For these reasons, genetic
changes in the ras oncogene have been an appealing target. Mutational
activation of ras occurs in approximately 30% of lung adenocarcinomas,
as well as in high frequency in adenocarcinomas of the bowel and pancreas. Activation
almost always involves point mutation at codons 12,13, or 61.[23] Presence of
ras mutations in lung adenocarcinoma is closely linked with prior cigarette
smoking and appears to be an adverse prognostic factor independent of stage.
Sidranski et al[24] first
demonstrated that ras mutations could be identified in exfoliated cells
present in the stool of patients with resectable and potentially curable colon
cancer. Subsequently, Tobi et al[25] were able to detect ras mutations
at codon 12 in exfoliated colonic mucosa in 40% of clinically normal individuals
at high risk for developing colorectal cancer because of strong family history
or a personal history of adenomas. Others have reported detection of mutant
ras in gastric aspirates and stool specimens of patients with pancreatic
cancer.[26,27]
Several recent reports extend
these data to lung cancer. Kelly et al[28] have demonstrated the feasibility
of detecting ras mutations in cells obtained by sputum cytology in patients
with known lung cancer. Mills et al[29] have described using a sensitive assay
for K-ras codon 12 mutations in individuals suspected of having lung
carcinoma. They studied 87 specimens of bronchoalveolar lavage fluid that had
been obtained from 86 patients, 35 of whom underwent subsequent diagnostic bronchoscopy.
Of 52 patients with diagnosed lung cancer, 16 had bronchoalveolar lavage with
K-ras 12 codon mutations, including 14 of 25 patients with adenocarcinoma,
1 of 3 with bronchoalveolar carcinoma, 1 of 5 with large cell carcinoma, and
none of 14 with squamous cell carcinoma. Mutations were detected in an additional
four cases in whom cancer was clinically suspected but had not been clinically
confirmed. Tissue samples from the 35 patients with K-ras mutations in
exfoliated cytology were concordant for the same mutation in all cases. No mutations
were seen in 30 patients with diagnoses other than non-small cell carcinoma.
Unfortunately, the clinical stage of these patients was not described.
In an extension of this
methodology to patients without diagnosed malignancy but at risk, Mao et al[30]

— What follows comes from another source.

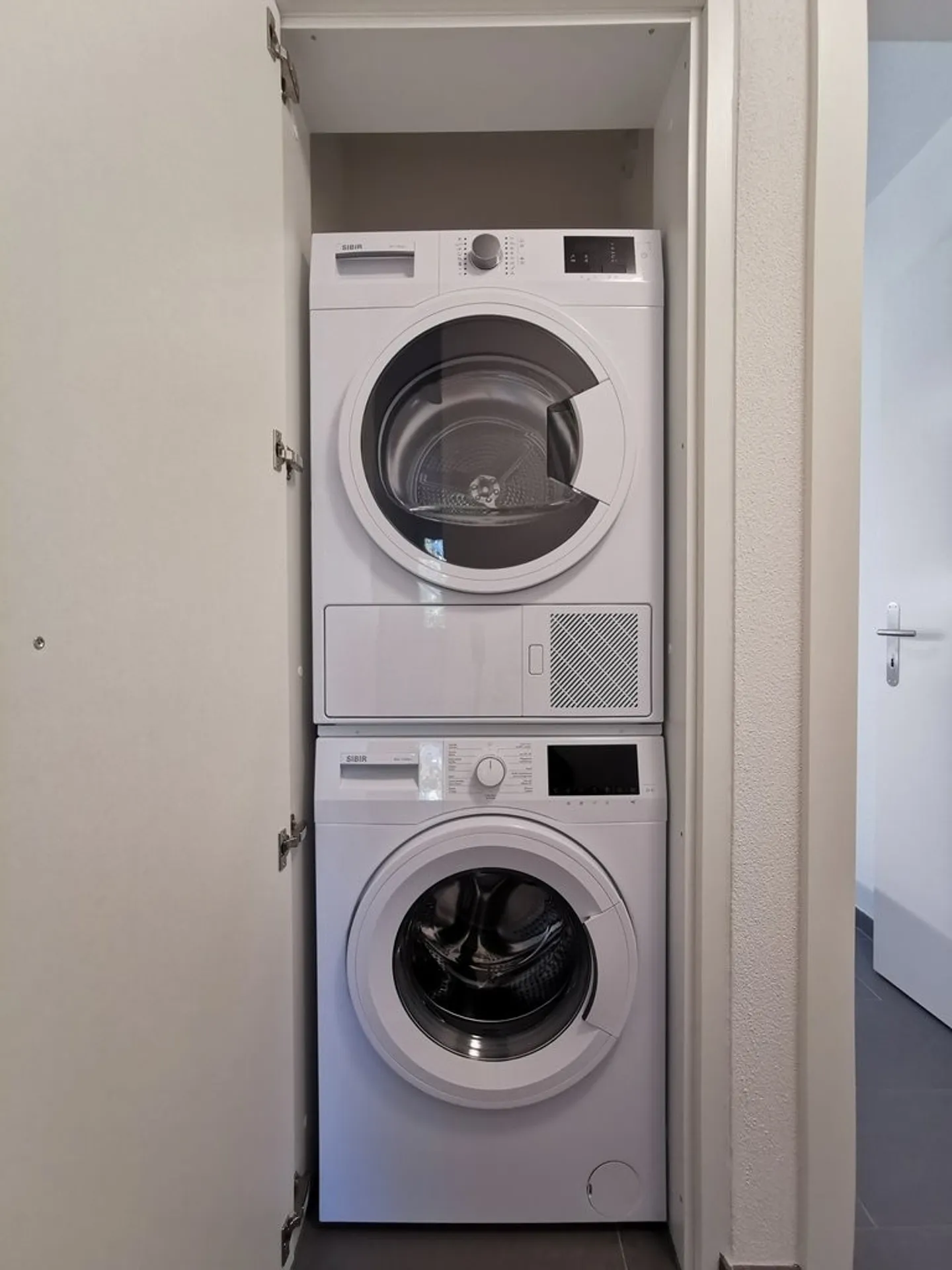 Moderne Wohnung in Zürich Affoltern - Foto 7 von 8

examined sputa that had been obtained during the JHLP with a percentage of patients
having gone on to develop adenocarcinoma. Of 15 patients so identified, analysis
of the resected tumor specimen showed mutated ras or p53 in 10 patients.
In eight of these 10, the same mutation could be demonstrated in sputum samples
that had been obtained at least one year prior to clinical diagnosis.[30]
Healthy individuals as well
as those with cancer have small amounts of soluble DNA fragments in their circulation;
Sorenson et al[31] have taken advantage of this fact and developed a polymerase
chain reaction assay to look for ras mutations (codon 12) in patients
with lung cancer. They have reported preliminary findings indicating the feasibility
of such detection in patients with known lung cancer and are extending the methodology
to study high-risk individuals.
These are all preliminary
studies of limited numbers of patients, and most have used detection of ras
mutations which are present in only approximately 30% of lung cancers. Ras
mutations are not seen in SCLC, so other strategies will have to be developed
for their screening. Substantial technical issues remain to be resolved before
they can be more widely implemented.[32] These or similar tests will no doubt
be available on the internist's laboratory order sheet in the near future. As
noted above, these genetic changes are seen in both invasive tumors and preneoplastic
epithelium. Substantial questions as to their interpretation will arise, and
initial caution is in order.[33]
In determining the various
genetic and phenotypic differences between normal and malignant lung tissue,
several questions should be considered: Which genetic events are causative and
which are bystander? Is there an obligate sequence of genetic events (ie, early
vs late events) or is the cumulative mutational burden the relevant causative
factor? If there is a required or usual sequence, can early events be used as
early detection markers? Are some later events (eg, mdr amplification,
ras activation) prognostic markers independent of stage and histology?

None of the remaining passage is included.